Identify each line in the records below that contains the word "khiến", and copy it.

■ Data provided:
* * * * * * * * *
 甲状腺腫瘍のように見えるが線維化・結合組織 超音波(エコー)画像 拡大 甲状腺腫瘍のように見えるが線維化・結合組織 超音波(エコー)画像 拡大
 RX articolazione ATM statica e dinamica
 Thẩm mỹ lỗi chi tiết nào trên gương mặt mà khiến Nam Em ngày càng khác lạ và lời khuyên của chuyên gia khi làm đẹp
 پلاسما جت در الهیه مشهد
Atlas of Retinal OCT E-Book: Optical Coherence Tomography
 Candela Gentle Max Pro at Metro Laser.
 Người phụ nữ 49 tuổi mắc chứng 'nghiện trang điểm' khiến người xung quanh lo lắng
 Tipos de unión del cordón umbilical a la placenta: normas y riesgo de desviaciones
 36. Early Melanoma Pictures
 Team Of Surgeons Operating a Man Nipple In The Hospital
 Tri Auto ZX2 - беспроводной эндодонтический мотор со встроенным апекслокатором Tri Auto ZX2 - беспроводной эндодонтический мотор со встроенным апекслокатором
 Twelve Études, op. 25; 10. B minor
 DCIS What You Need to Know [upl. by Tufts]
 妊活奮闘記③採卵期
* * * * * * * * *
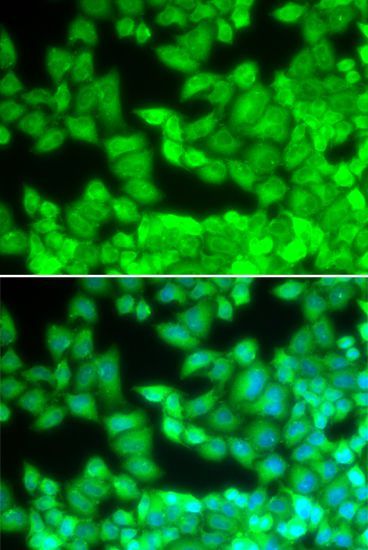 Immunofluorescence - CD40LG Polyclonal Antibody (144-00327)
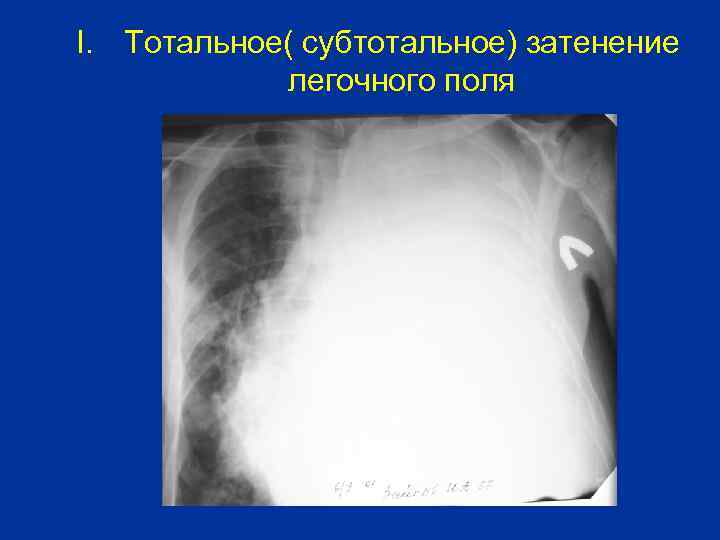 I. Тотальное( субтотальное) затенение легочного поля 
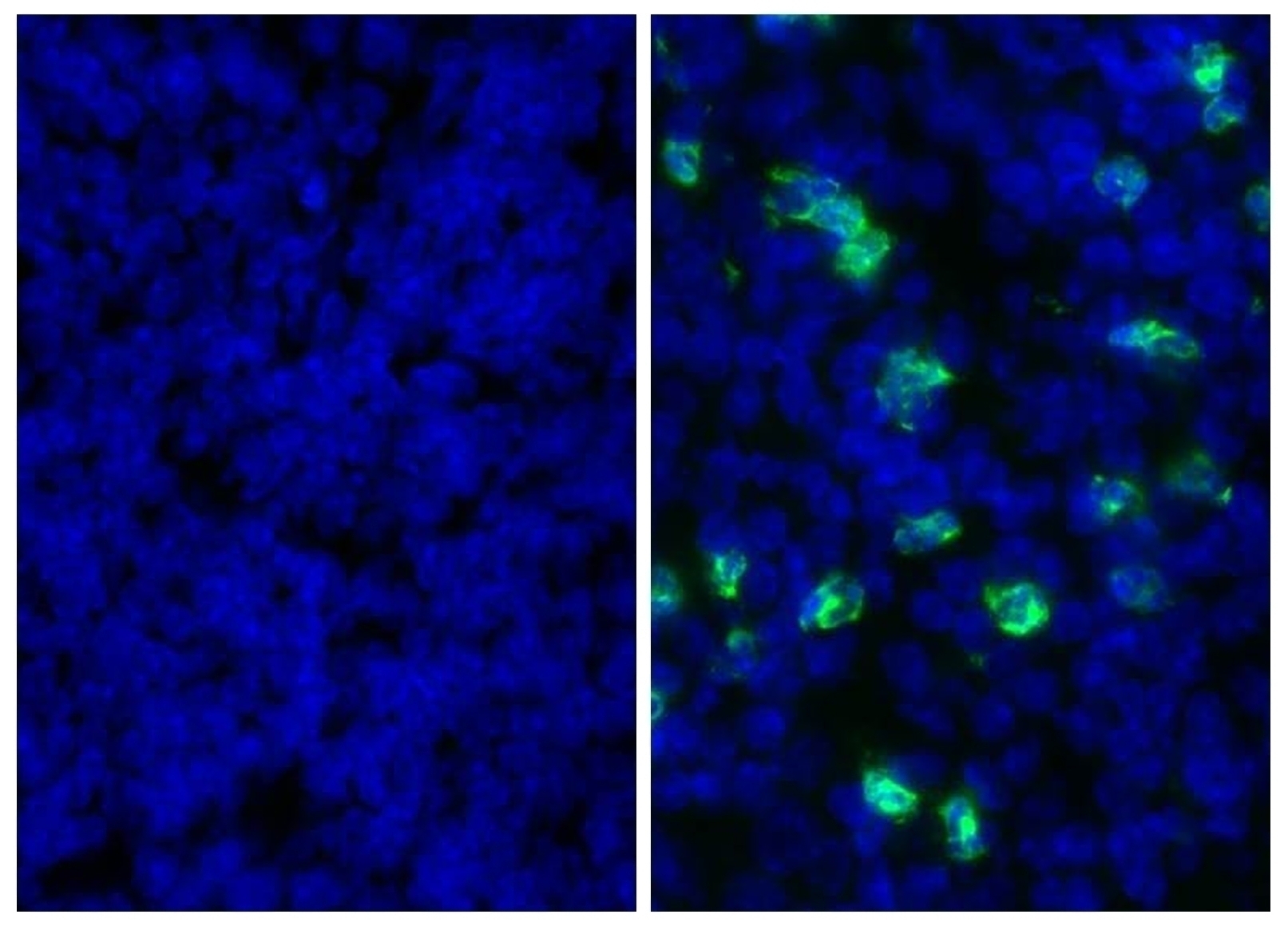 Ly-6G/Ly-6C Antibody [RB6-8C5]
* * * * * * * * *
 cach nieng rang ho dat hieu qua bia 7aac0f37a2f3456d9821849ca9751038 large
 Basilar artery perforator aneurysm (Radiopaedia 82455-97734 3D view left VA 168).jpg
* * * * * * * * *
■ Solution to this problem:
 Thẩm mỹ lỗi chi tiết nào trên gương mặt mà khiến Nam Em ngày càng khác lạ và lời khuyên của chuyên gia khi làm đẹp
 Người phụ nữ 49 tuổi mắc chứng 'nghiện trang điểm' khiến người xung quanh lo lắng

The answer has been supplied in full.